So with the release of Quickhash v2.8.0 (arguably the most significant release of the program since v2.0) came the super fast xxHash algorithm. Many of you may be wondering what it is and why I added it. But I also know many of you who use QuickHash are probably “hash enthusiasts” who always like to check that File A in front of you is the same as FileA over there with utter certainty and there is no room for any doubt. You’re also probably hash purists. “MD5 is broken…SHA-1 is not much better, you should only ever use SHA-256…” blah blah blah.
Maybe you’re right. Maybe you’re not. Maybe you read some academic paper about hash collisions of 5 bytes of data (which of course makes the issue significant for password security) without fully grasping the concept of engineered collisions and the still high likelihood that an MD5 of any volume data over a few Mb is extremely unlikely. If the above sounds like you, then xxHash is probably not for you.
But, I am a developer. And developers have to take everyones needs into consideration in order to make something useful to the general populous. Quickhash is used all over the world by all kinds of people in every industry I can think of that uses data checks. And that is why I have incorporated xxHash – for speed!
xxHash is (to quote the developer Yann Collet) : “an Extremely fast Hash algorithm, running at RAM speed limits. It successfully completes the SMHasher test suite which evaluates collision, dispersion and randomness qualities of hash functions. Code is highly portable, and hashes are identical on all platforms (little / big endian).”

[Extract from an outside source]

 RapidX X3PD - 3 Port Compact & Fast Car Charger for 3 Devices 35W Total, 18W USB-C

SMHasher is: “SMHasher is a test suite designed to test the distribution, collision, and performance properties of non-cryptographic hash functions“.

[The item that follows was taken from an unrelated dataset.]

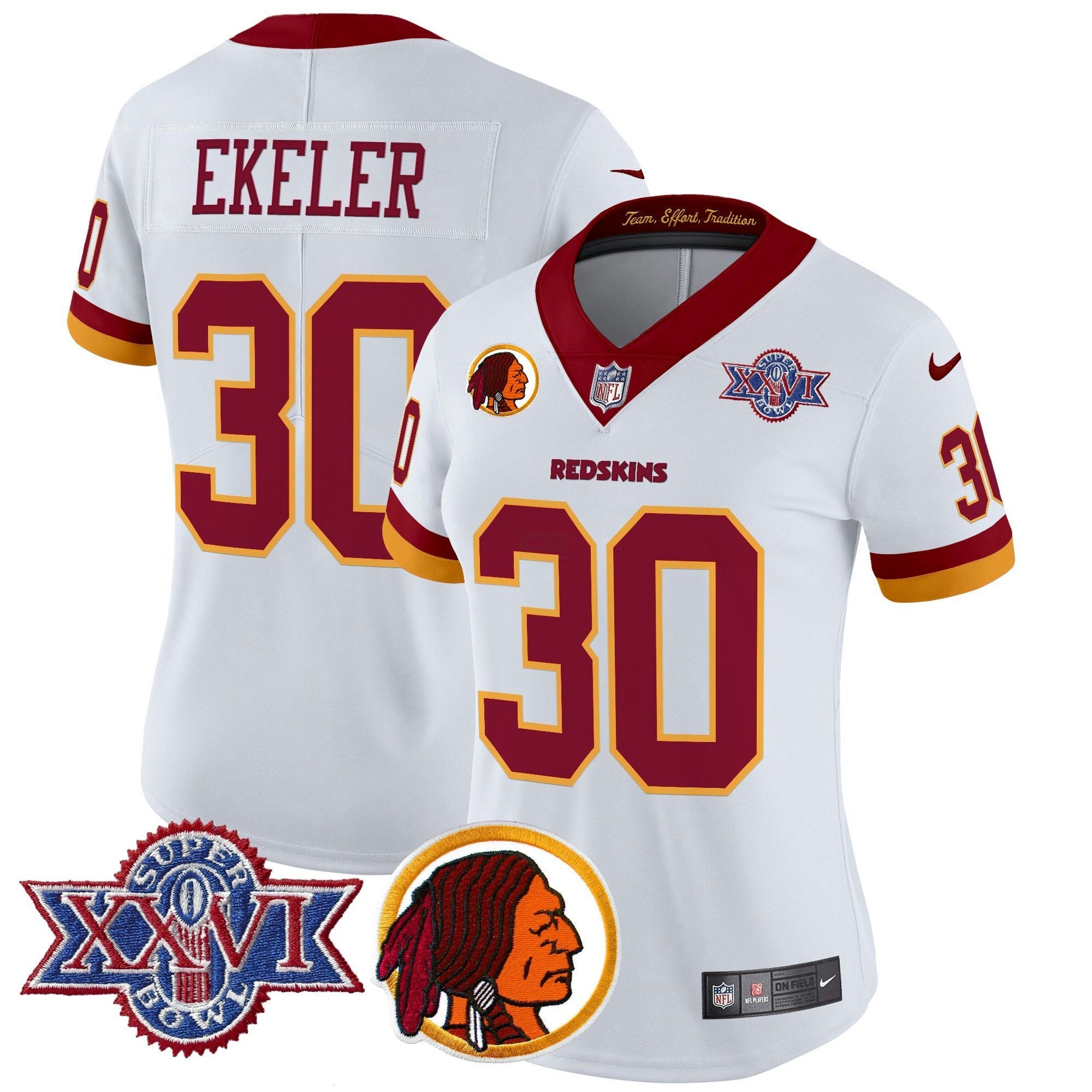 Camisa NFL Women’s Washington Redskins Throwback 1992 Super Bowl XXVI Patch Vapor Limited Jersey V2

xxHash scores 10 for quality in that test, the same as MD5 and SHA-1. But xxHash is not a cryptographic hash function like the others. I read somewhere that the “uniqueness” of an xxHash is about the same as MD5. So not as unique as SHA-1, but about the same as MD5. So if you don’t like MD5, you probably won’t like xxHash either. But the speed difference maybe enough to make you want to consider it. Read on…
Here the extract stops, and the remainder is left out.